FIG. 1 is a schematic diagram of a drilling system 100 that utilizes a liner disposed outside a portion of a drill string or drilling assembly for drilling a wellbore according to one embodiment of the disclosure. The drilling system 100 shows a wellbore 110 being formed in a subsurface formation 119 with a drill string 118. The wellbore 110 is shown to include an upper section 111 that has installed therein a casing 112 and a lower section 114 that is smaller in diameter than the upper section 111 and has no liner therein. The drill string 118 is shown to include a drilling assembly 130 conveyed into the wellbore from the surface 167 by a drilling tubular 116. The drilling tubular may be a drill pipe made up of jointed drilling pipe sections or a coiled-tubing. The drilling assembly 130 is attached to a bottom end of the drilling tubular 116 by a suitable connector 118a. A liner 120 is shown deployed outside the drill string 118 and a portion of the drilling assembly 130. The liner 120 is shown hung in the wellbore 110 via a liner hanger 122 that allows the drill string 118 to pass therethrough.

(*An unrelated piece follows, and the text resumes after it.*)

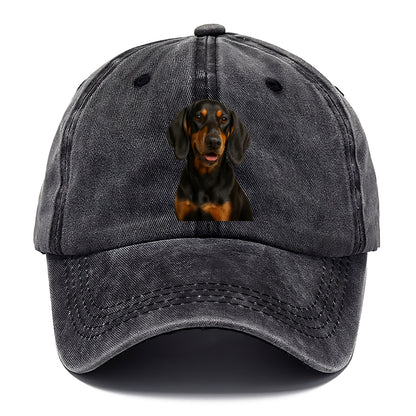 black tan coonhound portrait design Hat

The liner 120 may be detachably coupled to the drilling tubular 116 at a suitable location by a connector 123. The liner 120 in other embodiments may extend from a location at or below the surface to a location above the drilling assembly 130.

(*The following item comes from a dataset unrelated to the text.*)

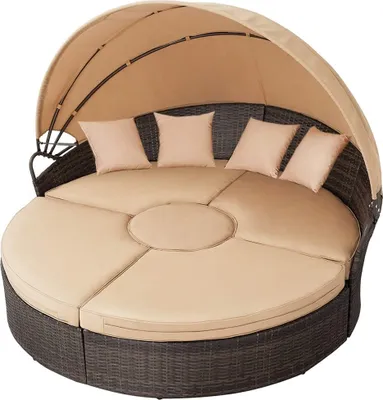 Produktbild von Sonneninsel 180 cm Polyrattan mit Sonnendach teilbarer Liege & Kissen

The drill string 118 extends to a rig 180 at the surface 167. The rig shown herein is a land rig for explanation purposes only. The apparatus and methods disclosed herein may be utilized with an offshore rig or structures used for drilling wellbores under water. A rotary table 169 or a top drive (not shown) may be utilized to rotate the drilling tubular 116, the drilling assembly 130 and the liner 120. A reamer unit 160 that includes a reaming drill bit 165 may be deployed at or below the bottom end 121 of the liner 120. The reamer unit 160 may be detachably attached to the drill string 118 at a suitable location on the drilling assembly 130 above or uphole of the pilot bit 150. The liner 120 may be of fixed outside dimensions (a non-expandable liner) or it may be a relatively flexible liner that can be expanded while the liner is in the wellbore (an expandable liner). When an expandable liner is used, it may be expanded when the reaming drill bit 165 is pulled out of the wellbore or by another suitable expanding device deployed at or below the bottom end 121 of the liner 120. Such an expanding device expands the liner 120 when it is retrieved from the wellbore 110. Expanding the liner places or deploys the liner 120 in the wellbore 110.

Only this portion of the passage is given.